During his tenure with Gerry, Johnson and Cunningham often talked about producing sewing kits of clothes, booties and gear for home sewers. The problem was, Johnson said, “that Gerry’s idea of a kit was way too tough for people to deal with.”

Eventually, Johnson would leave Gerry for a job with a Denver bank but, after three years, he decided corporate life wasn’t for him. In trying to figure out something to do on his own, he came back to the sewing kit idea. “I decided to make kits and make them easy for people to work with.”

Frostline OutInUnderJohnson’s Frostline company was born as a small catalog operation, which over time grew into a major mail-order business with an 18-store retail chain. Items like the company’s down vest and down booties became incredibly popular during the “backpacking boom.”

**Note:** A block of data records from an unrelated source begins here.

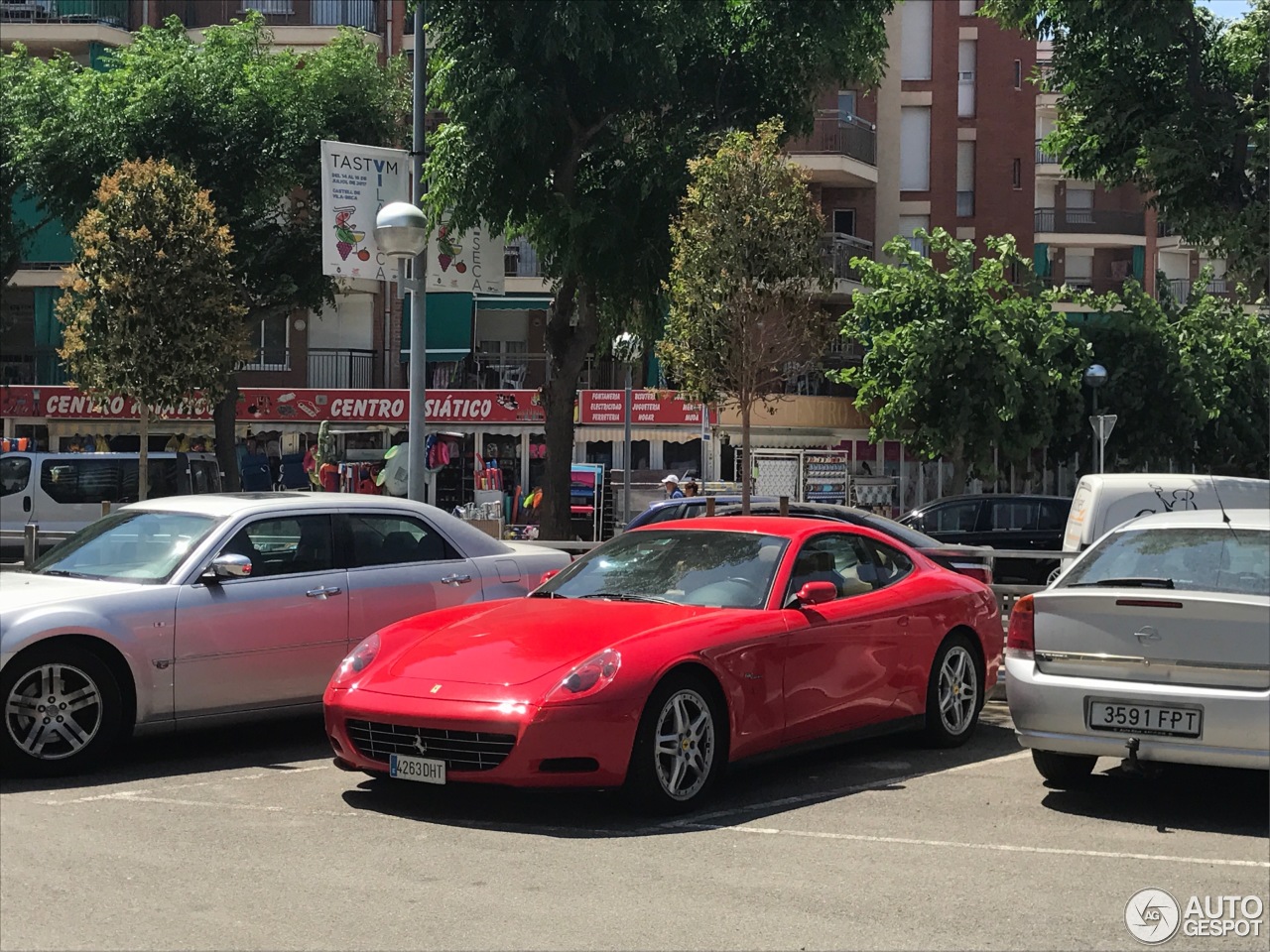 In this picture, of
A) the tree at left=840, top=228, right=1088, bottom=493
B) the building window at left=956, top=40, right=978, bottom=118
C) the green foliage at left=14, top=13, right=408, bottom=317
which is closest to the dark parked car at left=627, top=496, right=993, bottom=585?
the tree at left=840, top=228, right=1088, bottom=493

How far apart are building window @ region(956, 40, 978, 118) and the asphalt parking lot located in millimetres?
37271

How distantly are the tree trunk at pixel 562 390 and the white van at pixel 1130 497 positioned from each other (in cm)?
679

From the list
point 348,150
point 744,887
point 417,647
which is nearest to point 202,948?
point 744,887

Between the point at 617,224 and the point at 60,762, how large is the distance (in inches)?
483

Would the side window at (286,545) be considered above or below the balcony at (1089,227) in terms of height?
below

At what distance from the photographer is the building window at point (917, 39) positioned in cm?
4228

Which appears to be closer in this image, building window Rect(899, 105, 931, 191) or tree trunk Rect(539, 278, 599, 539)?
tree trunk Rect(539, 278, 599, 539)

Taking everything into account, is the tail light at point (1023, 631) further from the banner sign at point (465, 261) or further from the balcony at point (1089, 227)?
the balcony at point (1089, 227)

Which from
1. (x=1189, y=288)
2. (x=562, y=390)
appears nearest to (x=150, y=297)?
(x=562, y=390)

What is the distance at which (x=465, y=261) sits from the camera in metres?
19.2

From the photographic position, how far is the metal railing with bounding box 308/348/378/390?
39969mm

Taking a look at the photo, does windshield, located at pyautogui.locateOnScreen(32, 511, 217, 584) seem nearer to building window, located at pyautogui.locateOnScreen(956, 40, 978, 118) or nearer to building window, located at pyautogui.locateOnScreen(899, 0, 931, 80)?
building window, located at pyautogui.locateOnScreen(899, 0, 931, 80)

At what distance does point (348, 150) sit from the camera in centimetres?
1563

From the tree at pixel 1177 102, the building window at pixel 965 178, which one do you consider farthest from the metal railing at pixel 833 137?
the tree at pixel 1177 102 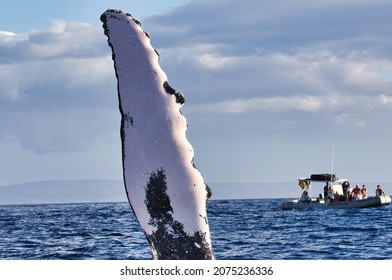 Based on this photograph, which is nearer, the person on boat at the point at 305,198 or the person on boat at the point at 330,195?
the person on boat at the point at 330,195

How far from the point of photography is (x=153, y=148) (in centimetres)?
270

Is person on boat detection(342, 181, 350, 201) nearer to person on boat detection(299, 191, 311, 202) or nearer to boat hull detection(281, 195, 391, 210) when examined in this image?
boat hull detection(281, 195, 391, 210)

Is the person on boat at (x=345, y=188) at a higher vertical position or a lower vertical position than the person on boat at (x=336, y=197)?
higher

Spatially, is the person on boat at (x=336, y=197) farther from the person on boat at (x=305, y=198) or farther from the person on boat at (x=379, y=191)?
the person on boat at (x=379, y=191)

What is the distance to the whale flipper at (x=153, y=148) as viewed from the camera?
103 inches

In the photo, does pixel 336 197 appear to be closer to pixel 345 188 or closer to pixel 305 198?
pixel 305 198

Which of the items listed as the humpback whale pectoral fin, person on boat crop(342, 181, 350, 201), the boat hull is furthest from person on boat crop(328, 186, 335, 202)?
the humpback whale pectoral fin

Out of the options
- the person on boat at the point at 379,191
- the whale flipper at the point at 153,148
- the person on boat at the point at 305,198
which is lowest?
the whale flipper at the point at 153,148

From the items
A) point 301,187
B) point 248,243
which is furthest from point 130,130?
point 301,187

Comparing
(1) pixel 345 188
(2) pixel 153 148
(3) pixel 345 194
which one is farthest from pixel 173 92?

In 1978, the Gillette corporation purchased Frostline, and, after a year working for the new owners, Johnson moved on to a private life filled with work for various environmental causes.

Looking back on his Frostline days, Johnson, now 76, said: “It was a glorious time. It was so wonderful having customers sewing the kits. It was like having everyone actively involved in the company. It was fun. 
“I still meet people all over the world who, when they find out who I am, say, ‘Oh, I made this or that from one of your kits.’ It’s very gratifying,” he added.